Shun 8" Chef's knife - $99
http://www.amazon.com/exec/obidos/ASIN/B0000Y7KNQ/tvwb-20

Tojiro 7" Nakiri Knife - $119
http://www.amazon.com/exec/obidos/ASIN/B00H0H0GGE/tvwb-20

Yoshihiro 6" Usaba - $114
http://www.amazon.com/exec/obidos/ASIN/B00D6DVU70/tvwb-20

Yoshihiro 6.3" Usaba $149
http://www.amazon.com/exec/obidos/ASIN/B00DFXOGUE/tvwb-20

I'm leaning towards the first & third knives, I want to try the third due to the single edge, the first seems like a good all around, & the others I like the covers to keep them sharp. I don't like that the blade doesn't go all the way through the handle on the 4th.

Any outstanding choice, or others to look at?
 
Help me consider?

Shun 8" Chef's knife - $99
http://www.amazon.com/exec/obidos/ASIN/B0000Y7KNQ/tvwb-20

Tojiro 7" Nakiri Knife - $119
http://www.amazon.com/exec/obidos/ASIN/B00H0H0GGE/tvwb-20

Yoshihiro 6" Usaba - $114
http://www.amazon.com/exec/obidos/ASIN/B00D6DVU70/tvwb-20

Yoshihiro 6.3" Usaba $149
http://www.amazon.com/exec/obidos/ASIN/B00DFXOGUE/tvwb-20

I'm leaning towards the first & third knives, I want to try the third due to the single edge, the first seems like a good all around, & the others I like the covers to keep them sharp. I don't like that the blade doesn't go all the way through the handle on the 4th.

Any outstanding choice, or others to look at?

Hi Clint,

All are excellent Knives. I know that both of the "Usuba" are not single edge. They are in fact 50/50 grinds and so are better called Nakiris. The three Nakiris are all specialized vegetable prep knives with very thin blades. Although this specialization is common for knives in Japan and they all would be excellent at vegetable prep I would not use them for anything else. The traditional Japanese Magnolia handle is what I try to get for all my knives. It is the perfect knife handle and D shaped, like the Shun above it. They also make the knives lighter and non-slip. The knife does go all the way down the handle but it is not as tall (it doesn't show through) and is not riveted. Non issues in good Japanese knives. Knives with "Wa" handles cost more even with the same blade.

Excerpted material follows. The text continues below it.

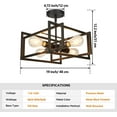 thumbnail image 6 of 4-Light Semi Flush Mount Ceiling Light Fixtures Industrial Metal Cage Ceiling Lamp Fixtures Flush Mount Ceiling Lighting for Hallway Porch Kitchen Bathroom, 6 of 12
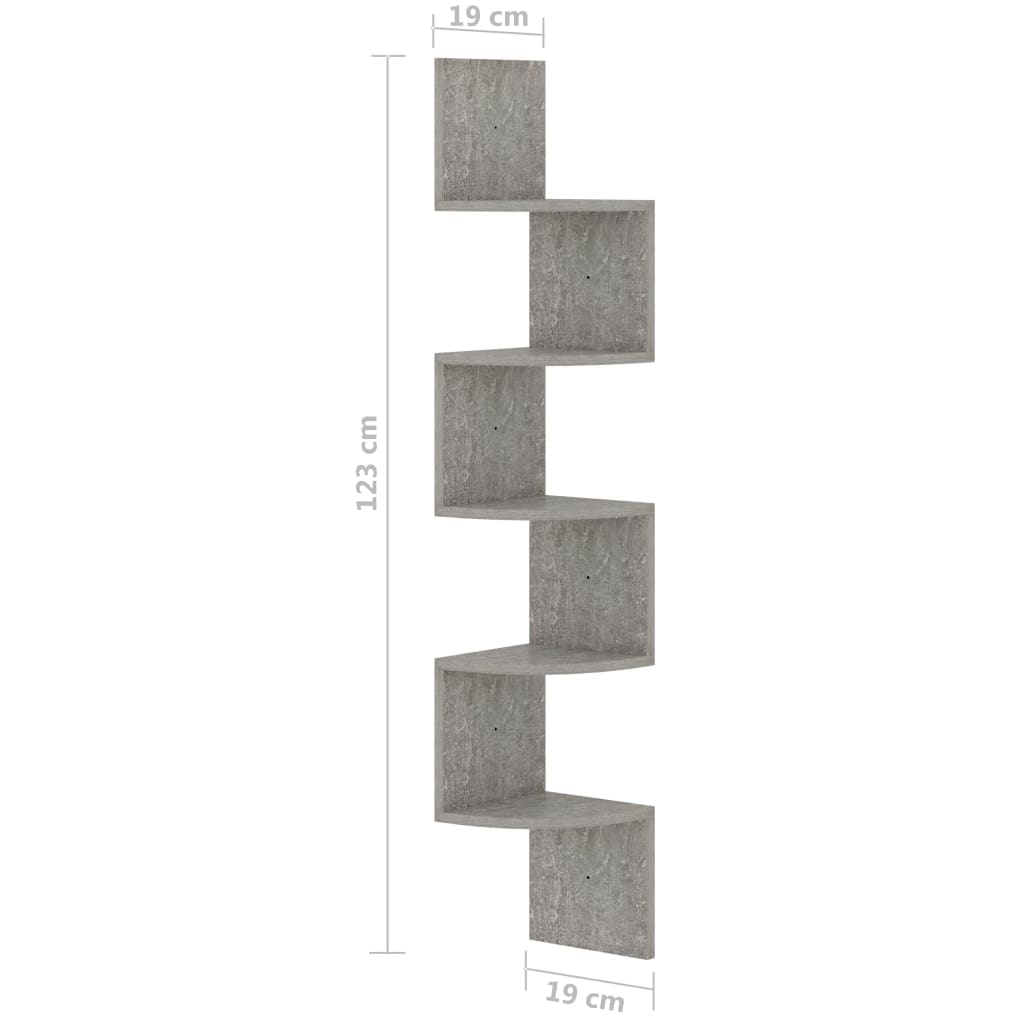 Hoekwandschap 19x19x123 cm bewerkt hout betongrijs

The Shun is what is referred to as a Gyuto in Japan. It is also a 50/50 grind but with a more conventional radiused edge like most chefs knives. Furthermore the blades are thicker than that of the Nakiris and so they are workhorses in the kitchen, good at a multitude of tasks, including slicing meats. They are thicker than Nakiris but still considerably thinner than western knives. this because the steel is harder.

So, the first decision is vegetable prep specifically or all around chefs knife? After that, you need to decide about the handle. Traditional Japanese or Western style?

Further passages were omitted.